Les banques d’escompte et de spéculation sont toutes dans une situation qui est loin d’être satisfaisante. Elles aussi se sont laissé entraîner à soutenir des entreprises de spéculation pour constructions dans les villes, à soutenir des établissemens protégés par le gouvernement, à escompter du papier de peu de valeur, soit par l’appât du gain, soit pour s’assurer les bonnes grâces du gouvernement; et maintenant elles se trouvent grevées d’engagemens qui dépassent leurs forces. Les actions du Crédit mobilier, qui étaient cotées à 1,012 francs en décembre 1887, sont tombées à 375 francs. Celles de la Banque générale, de 680 francs, tombent à 288 francs !

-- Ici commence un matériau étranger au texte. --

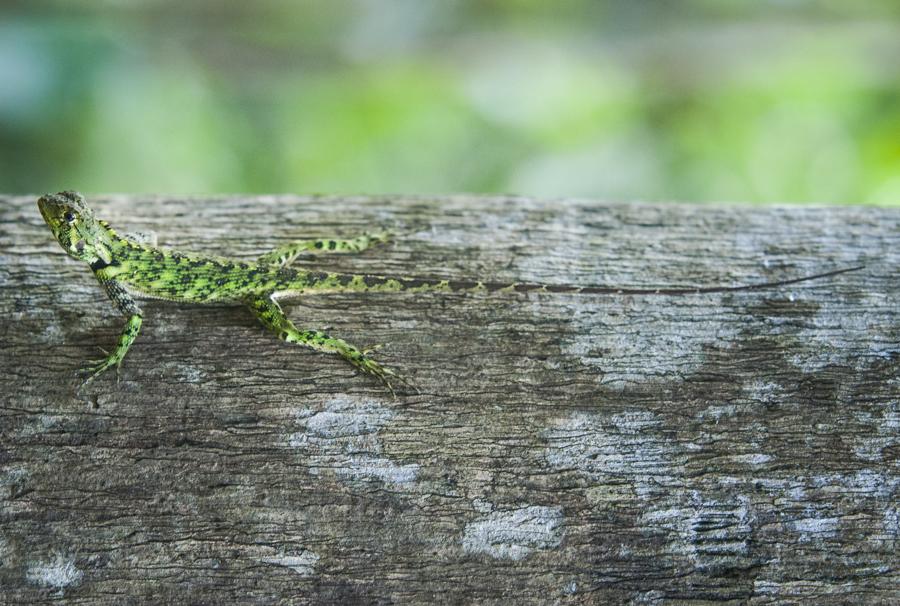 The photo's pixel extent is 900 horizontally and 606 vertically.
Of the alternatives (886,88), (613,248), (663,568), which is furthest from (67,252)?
(886,88)

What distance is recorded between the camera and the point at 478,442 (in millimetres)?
3113

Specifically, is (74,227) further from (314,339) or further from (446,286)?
(446,286)

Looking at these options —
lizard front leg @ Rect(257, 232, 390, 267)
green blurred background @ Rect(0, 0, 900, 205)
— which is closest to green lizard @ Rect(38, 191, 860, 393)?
lizard front leg @ Rect(257, 232, 390, 267)

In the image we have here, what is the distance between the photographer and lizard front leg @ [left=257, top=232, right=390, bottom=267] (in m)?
3.91

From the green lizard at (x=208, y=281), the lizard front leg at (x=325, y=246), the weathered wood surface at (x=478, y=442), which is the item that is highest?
the lizard front leg at (x=325, y=246)

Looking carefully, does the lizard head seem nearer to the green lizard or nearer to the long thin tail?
the green lizard

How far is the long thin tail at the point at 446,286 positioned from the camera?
360cm

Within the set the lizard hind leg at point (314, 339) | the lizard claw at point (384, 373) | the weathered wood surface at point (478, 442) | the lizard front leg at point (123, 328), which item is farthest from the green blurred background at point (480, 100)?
the lizard claw at point (384, 373)

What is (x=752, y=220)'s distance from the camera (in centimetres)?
413

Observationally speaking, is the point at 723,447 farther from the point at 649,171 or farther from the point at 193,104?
the point at 193,104

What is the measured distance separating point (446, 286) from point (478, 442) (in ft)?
2.92

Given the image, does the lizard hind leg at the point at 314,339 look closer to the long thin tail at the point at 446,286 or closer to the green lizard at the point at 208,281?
the green lizard at the point at 208,281

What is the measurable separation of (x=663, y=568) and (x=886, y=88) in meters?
7.19

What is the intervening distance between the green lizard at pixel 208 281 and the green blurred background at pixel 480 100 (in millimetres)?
4361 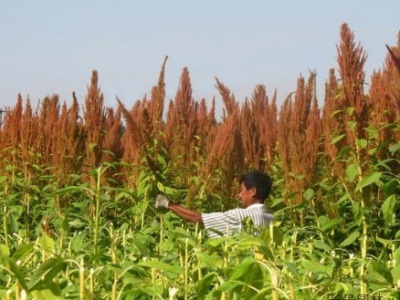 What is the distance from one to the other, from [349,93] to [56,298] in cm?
399

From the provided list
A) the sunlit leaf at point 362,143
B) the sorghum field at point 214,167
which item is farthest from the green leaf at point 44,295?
the sunlit leaf at point 362,143

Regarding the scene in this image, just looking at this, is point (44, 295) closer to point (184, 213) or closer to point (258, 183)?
point (184, 213)

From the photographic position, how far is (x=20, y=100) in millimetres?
8555

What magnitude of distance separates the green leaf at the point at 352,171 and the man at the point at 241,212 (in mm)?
631

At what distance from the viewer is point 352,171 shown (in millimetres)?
5242

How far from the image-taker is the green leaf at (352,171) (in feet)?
16.9

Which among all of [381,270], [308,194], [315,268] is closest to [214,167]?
[308,194]

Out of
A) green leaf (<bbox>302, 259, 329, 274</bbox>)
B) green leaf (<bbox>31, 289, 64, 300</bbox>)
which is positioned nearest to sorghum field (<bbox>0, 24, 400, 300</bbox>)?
green leaf (<bbox>302, 259, 329, 274</bbox>)

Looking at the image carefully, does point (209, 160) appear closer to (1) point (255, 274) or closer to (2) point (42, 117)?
(2) point (42, 117)

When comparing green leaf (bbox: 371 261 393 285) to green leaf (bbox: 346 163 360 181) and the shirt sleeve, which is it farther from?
the shirt sleeve

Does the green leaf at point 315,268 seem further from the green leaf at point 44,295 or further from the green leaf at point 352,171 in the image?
the green leaf at point 352,171

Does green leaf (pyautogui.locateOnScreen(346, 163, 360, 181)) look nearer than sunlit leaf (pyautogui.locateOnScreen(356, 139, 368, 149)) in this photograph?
Yes

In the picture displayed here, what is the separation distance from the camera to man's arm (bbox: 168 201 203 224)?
5285mm

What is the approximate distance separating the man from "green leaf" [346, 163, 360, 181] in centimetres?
63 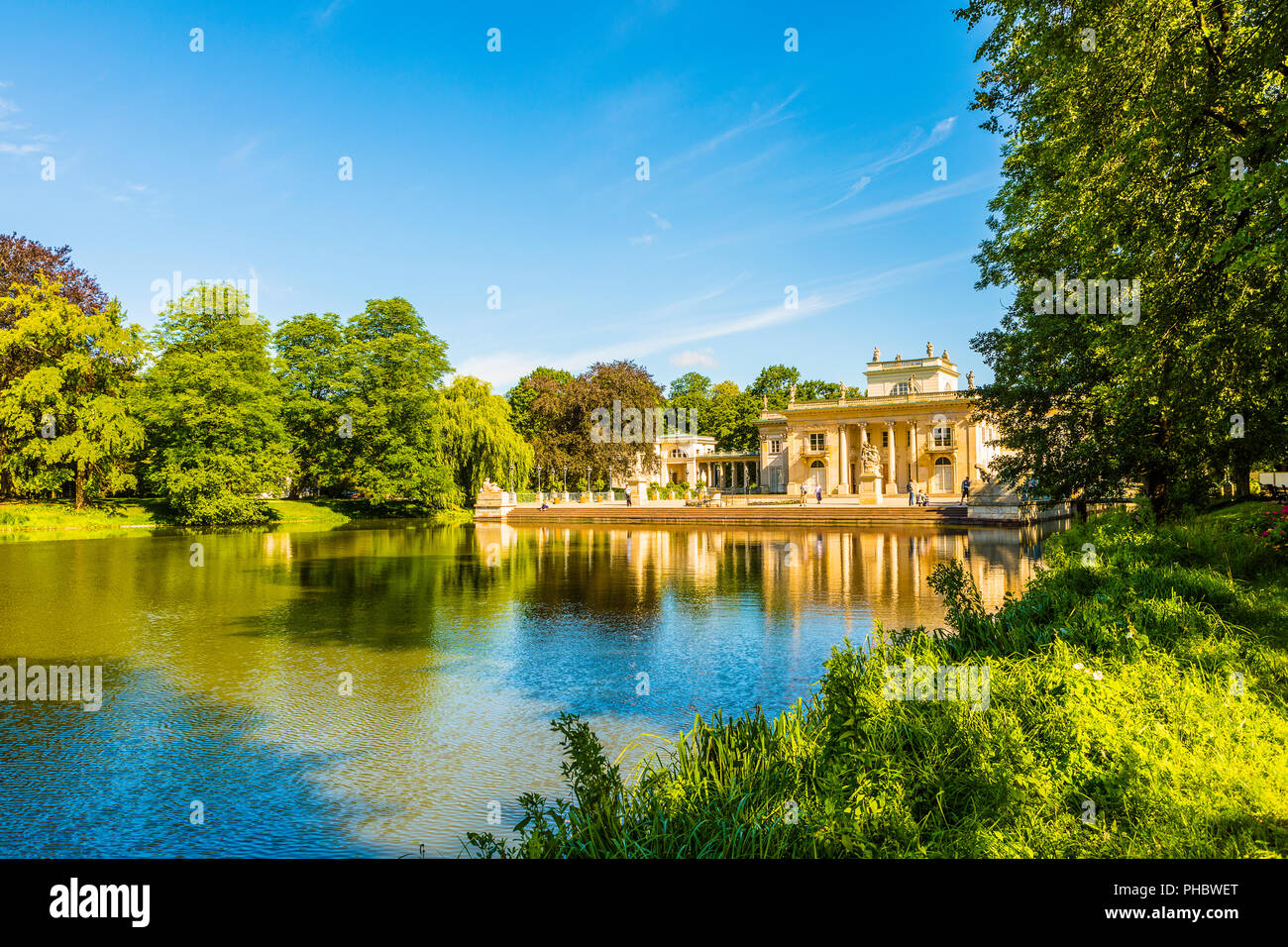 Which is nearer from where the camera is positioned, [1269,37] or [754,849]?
[754,849]

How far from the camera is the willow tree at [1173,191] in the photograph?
809cm

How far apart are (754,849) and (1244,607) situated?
21.0 ft

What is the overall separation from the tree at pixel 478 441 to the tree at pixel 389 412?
4.05 feet

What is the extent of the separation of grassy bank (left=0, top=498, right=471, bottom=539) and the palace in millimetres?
30354

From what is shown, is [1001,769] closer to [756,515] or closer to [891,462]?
[756,515]

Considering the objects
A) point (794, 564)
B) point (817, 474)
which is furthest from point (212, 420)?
point (817, 474)

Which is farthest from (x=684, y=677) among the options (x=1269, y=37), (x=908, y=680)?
(x=1269, y=37)

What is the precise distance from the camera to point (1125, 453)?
52.6 ft

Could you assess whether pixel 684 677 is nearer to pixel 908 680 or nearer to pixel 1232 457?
pixel 908 680

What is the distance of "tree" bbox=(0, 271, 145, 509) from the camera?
37.5m

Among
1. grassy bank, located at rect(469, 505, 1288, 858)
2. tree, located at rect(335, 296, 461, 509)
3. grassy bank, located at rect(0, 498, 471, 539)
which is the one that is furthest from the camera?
tree, located at rect(335, 296, 461, 509)

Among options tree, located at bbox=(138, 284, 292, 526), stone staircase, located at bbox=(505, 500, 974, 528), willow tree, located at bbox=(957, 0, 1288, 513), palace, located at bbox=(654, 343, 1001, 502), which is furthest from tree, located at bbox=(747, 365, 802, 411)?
willow tree, located at bbox=(957, 0, 1288, 513)

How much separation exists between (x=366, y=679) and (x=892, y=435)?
57514 millimetres

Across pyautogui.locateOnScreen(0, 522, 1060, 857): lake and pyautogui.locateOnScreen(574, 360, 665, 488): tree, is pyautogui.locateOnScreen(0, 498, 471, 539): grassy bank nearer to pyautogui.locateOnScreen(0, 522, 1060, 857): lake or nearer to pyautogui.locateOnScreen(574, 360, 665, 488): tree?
pyautogui.locateOnScreen(574, 360, 665, 488): tree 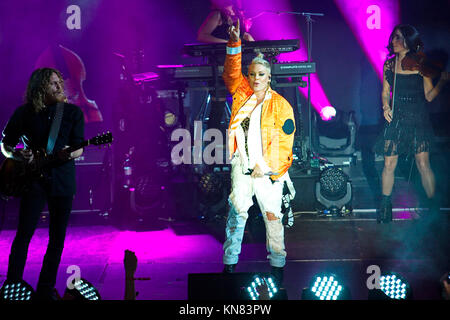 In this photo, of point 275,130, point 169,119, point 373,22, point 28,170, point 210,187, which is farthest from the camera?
point 373,22

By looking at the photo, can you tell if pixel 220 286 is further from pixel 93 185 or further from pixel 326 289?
pixel 93 185

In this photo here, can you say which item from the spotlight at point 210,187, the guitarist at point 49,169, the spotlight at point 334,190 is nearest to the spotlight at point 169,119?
the spotlight at point 210,187

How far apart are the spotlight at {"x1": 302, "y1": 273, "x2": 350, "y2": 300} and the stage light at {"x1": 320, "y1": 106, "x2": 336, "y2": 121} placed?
615cm

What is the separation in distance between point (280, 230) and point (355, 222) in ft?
8.26

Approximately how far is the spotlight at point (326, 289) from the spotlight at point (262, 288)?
0.22 meters

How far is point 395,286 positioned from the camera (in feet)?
12.1

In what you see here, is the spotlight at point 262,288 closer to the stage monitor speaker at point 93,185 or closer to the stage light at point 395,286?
the stage light at point 395,286

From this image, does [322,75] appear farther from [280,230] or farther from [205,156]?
[280,230]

M. Bodio, a calculé les réductions qu’ont subies, du 31 mars 1887 au 31 mars 1891, les valeurs des actions des principaux établissemens de crédit, des sociétés industrielles, des chemins de fer, etc.; on voit par ces calculs la baisse énorme qu’a soufferte la richesse mobilière de l’Italie[2]. M. Carlo Bonis a calculé la perte qui en est résulté pour 23 des principales sociétés, et il arrive au total de 609 millions. Si l’on tenait compte de toutes les sociétés et de toutes les entreprises privées, la perte serait évidemment beaucoup plus grande.

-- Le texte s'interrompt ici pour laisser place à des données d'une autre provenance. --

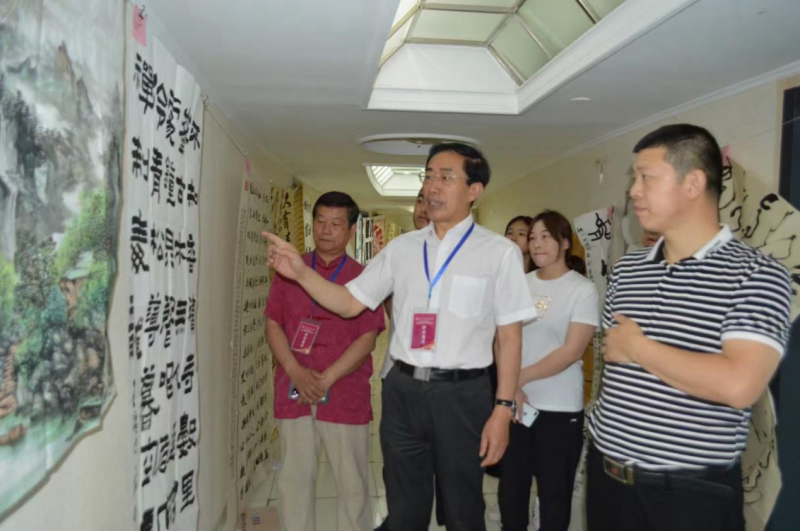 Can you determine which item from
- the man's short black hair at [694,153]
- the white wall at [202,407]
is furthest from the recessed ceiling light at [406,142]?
the man's short black hair at [694,153]

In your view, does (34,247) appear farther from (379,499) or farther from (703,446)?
(379,499)

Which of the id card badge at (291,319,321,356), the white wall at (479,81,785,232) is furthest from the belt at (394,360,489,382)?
the white wall at (479,81,785,232)

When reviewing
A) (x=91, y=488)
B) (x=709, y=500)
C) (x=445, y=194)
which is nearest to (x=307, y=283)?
(x=445, y=194)

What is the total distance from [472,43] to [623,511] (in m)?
2.97

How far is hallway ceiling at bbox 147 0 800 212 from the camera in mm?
1928

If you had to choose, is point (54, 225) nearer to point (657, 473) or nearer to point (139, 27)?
point (139, 27)

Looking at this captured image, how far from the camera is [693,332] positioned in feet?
4.21

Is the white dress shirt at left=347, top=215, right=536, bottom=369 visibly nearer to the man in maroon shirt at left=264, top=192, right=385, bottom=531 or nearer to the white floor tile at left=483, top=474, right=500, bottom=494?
the man in maroon shirt at left=264, top=192, right=385, bottom=531

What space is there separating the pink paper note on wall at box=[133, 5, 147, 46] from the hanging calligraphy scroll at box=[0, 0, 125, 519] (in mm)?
166

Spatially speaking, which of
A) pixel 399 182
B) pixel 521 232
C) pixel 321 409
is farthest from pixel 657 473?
pixel 399 182

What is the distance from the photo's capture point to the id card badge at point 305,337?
241 cm

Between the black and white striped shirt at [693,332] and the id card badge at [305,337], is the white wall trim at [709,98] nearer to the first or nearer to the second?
the black and white striped shirt at [693,332]

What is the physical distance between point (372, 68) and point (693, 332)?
1.78 metres

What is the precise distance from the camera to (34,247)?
104 centimetres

Une douloureuse conséquence de cet état de choses, c’est l’augmentation du nombre des faillites, qui en 1886 furent au nombre de 1,310 et en 1889 de 2,015[3]. Les pertes des créanciers furent de 29 millions en 1886 et de 69 en 1889[4].

Pendant que le pays s’appauvrissait de la sorte, l’État augmen- tait considérablement ses dépenses[5]. Et c’est là une conséquence de cette politique qui s’obstine à nier les vérités les plus évidentes, et prétend imposer le mensonge au nom de la patrie. Le pire ennemi de son pays, c’est l’homme qui, voyant la vérité, n’a pas le courage de la dire, dans la crainte de compromettre les intérêts d’un

  1. 409 millions dans les caisses des banques, 9 millions, reliquat de l’emprunt de 644 millions pour l’abolition du cours forcé, 173 millions qui constituent un fonds propre du trésor de l’État.

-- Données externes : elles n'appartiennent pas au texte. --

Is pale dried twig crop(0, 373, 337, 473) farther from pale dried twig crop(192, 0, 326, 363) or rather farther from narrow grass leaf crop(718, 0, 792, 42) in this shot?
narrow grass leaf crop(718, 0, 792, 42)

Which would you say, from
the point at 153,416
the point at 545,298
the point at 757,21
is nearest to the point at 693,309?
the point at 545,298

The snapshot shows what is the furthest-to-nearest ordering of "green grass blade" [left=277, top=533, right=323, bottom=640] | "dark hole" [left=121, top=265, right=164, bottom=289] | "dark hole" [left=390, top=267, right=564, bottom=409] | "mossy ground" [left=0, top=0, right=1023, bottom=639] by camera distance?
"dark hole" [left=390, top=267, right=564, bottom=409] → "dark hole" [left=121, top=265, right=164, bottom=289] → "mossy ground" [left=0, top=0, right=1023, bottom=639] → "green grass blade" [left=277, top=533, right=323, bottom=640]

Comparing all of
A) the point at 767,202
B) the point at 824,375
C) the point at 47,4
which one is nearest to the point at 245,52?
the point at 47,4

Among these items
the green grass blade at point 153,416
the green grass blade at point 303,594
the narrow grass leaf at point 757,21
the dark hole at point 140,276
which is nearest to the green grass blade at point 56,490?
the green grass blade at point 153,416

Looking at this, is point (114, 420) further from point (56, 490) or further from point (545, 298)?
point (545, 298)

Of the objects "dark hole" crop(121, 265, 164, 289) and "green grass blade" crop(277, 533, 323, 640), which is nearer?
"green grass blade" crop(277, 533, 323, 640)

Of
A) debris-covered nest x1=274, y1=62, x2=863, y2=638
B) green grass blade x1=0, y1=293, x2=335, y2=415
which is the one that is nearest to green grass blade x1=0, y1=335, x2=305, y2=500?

  2. Bodio, loc. cit., p. 95-96. Les calculs sont faits sur le capital versé. Voici quelques-uns de ces chiffres. Valeur au 31 mars 1891, pour 100 de la valeur au 31 mars 1887 : Banque nationale, 72; Banque générale, 35; Crédit mobilier, 45; Crédit méridional, 13; Caisse d’escompte, 29; Banque d’escompte et Soie, 19; Esquilino, 0.68! Foncière italienne, 3; Eau Marcia (Rome), 51; Société immobilière, 20. Et la baisse continue encore!
  3. 1,623 en 1887, 2,200 en 1888.
  4. 85 millions en 1888. (Bodio, loc. cit., p. 97.)
  5. Ce sujet a été traité théoriquement d’une manière fort claire par M. le professeur Mazzola, I dati scientifici della finanza pubblica.